Restricted Boltzmann Machines (RBM)



Restricted Boltzmann Machines (RBM)


文章來自於:http://deeplearning.net/tutorial/rbm.html

Energy-Based Models (EBM)

Energy-based models associate a scalar energy to each configuration of the variables of interest. Learning corresponds to modifying that energy function so that its shape has desirable properties. For example, we would like plausible or desirable configurations to have low energy. Energy-based probabilistic models define a probability distribution through an energy function, as follows:

(1)p(x) = \frac {e^{-E(x)}} {Z}.

The normalizing factor Z is called the partition function by analogy with physical systems.

Z = \sum_x e^{-E(x)}

An energy-based model can be learnt by performing (stochastic) gradient descent on the empirical negative log-likelihood of the training data. As for the logistic regression we will first define the log-likelihood and then the loss function as being the negative log-likelihood.
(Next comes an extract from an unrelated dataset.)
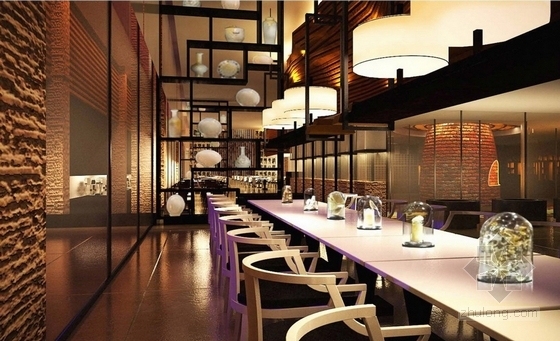 [西安]国家度假区五星级典雅风情温泉酒店室内设计方案风味餐厅效果图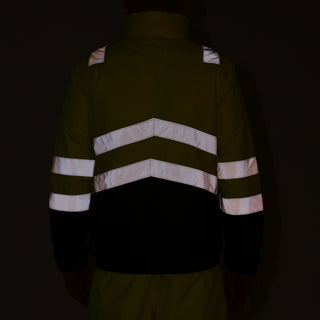 Men's Waterproof Hi-Vis Bomber Jacket | Yellow Navy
\mathcal{L}(\theta, \mathcal{D}) = \frac{1}{N} \sum_{x^{(i)} \in \mathcal{D}} \log\ p(x^{(i)})\\ \ell (\theta, \mathcal{D}) = - \mathcal{L} (\theta, \mathcal{D})

using the stochastic gradient -\frac{\partial  \log p(x^{(i)})}{\partial \theta}, where \theta are the parameters of the model.

EBMs with Hidden Units

In many cases of interest, we do not observe the example x fully, or we want to introduce some non-observed variables to increase the expressive power of the model. So we consider an observed part (still denoted x here) and a hidden part h. We can then write:

(2)P(x) = \sum_h P(x,h) = \sum_h \frac{e^{-E(x,h)}}{Z}.

In such cases, to map this formulation to one similar to Eq. (1), we introduce the notation (inspired from physics) of free energy, defined as follows:

(3)\mathcal{F}(x) = - \log \sum_h e^{-E(x,h)}

which allows us to write,

&P(x) = \frac{e^{-\mathcal{F}(x)}}{Z} \text{ with } Z=\sum_x e^{-\mathcal{F}(x)}.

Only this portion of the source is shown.